Iran's Filtering Committee is continuing to find innovative ways of broadening the reach of online censorship in the Islamic Republic. This week they implemented a protocol that prevents audiovisual material hosted on external servers from entering Iran. Small Media reports.


  1. Over the past two weeks, the internet has been the site of an intensified battle between Iranian internet users and Iran's Filtering Committee (IFC). It began when secure access to Google search and Gmail was blocked, provoking a media storm with western media like Ars Technica and the Guardian quick to report. The filtering was removed after a week and Iranians are now able to access their Google accounts and search securely with Google.

    Then, on October 4, 2012, the IFC began preventing files hosted on servers outside Iran from entering the country by blocking specific file extensions.
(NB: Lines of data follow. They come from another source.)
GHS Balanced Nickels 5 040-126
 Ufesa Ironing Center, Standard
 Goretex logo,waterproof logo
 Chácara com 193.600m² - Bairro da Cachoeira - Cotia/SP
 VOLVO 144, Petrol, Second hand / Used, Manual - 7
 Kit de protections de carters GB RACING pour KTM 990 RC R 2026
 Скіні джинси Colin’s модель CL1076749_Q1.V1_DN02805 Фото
At the time of writing, this policy applies to all MP3, MP4, AVI and SWF files. This kind of filtering was used after the controversial presidential elections of 2009, amidst harsh crackdowns on freedom of information, and coincides with Iran's current economic crisis and the ensuing protests.

    Twitter user Arash Zad was one of the first to break the news: "They've been blocked in Iran. MP3s and SWF files are only available if hosted inside Iran".
  2. This new filtering protocol is severely restricting access to information. The admin of, an online training platform tweeted: “With the blocking of video file extensions the training videos on my site are out of reach [for Iranians]".
  3. Android programmer Ali Ajoudanian also expressed concern: “In Iran, the application I'm writing for Android is being impeded by the blocking of MP3 files. I don't know whether to carry on with it or not".
  4. Sushyant Zavarzadeh, host of the free and popular podcast service Radio Avagah, has also been unable to reach Iran with his work.

    The above are merely a few examples from thousands of Iranian internet users being affected by this new filtering, which is, essentially, another step closer towards Iran's national internet. Most Iranian websites are hosted outside of Iran in order to evade the strict regulations set in place by the IFC and the Cyber Crimes Law. Buying a server inside Iran is also cost prohibitive, which is why most web startups host their work on servers outside Iran. Another reason Iranians are reluctant to host websites inside Iran is because the IFC, if it detects 'inappropriate' content, can shut down a website and delete all of its content and data without warning.

    The stranglehold of the Iranian authorities over the internet is strengthening and suffocating Iranian internet users who are constantly battling against the regime in their struggle for freedom of and access to information.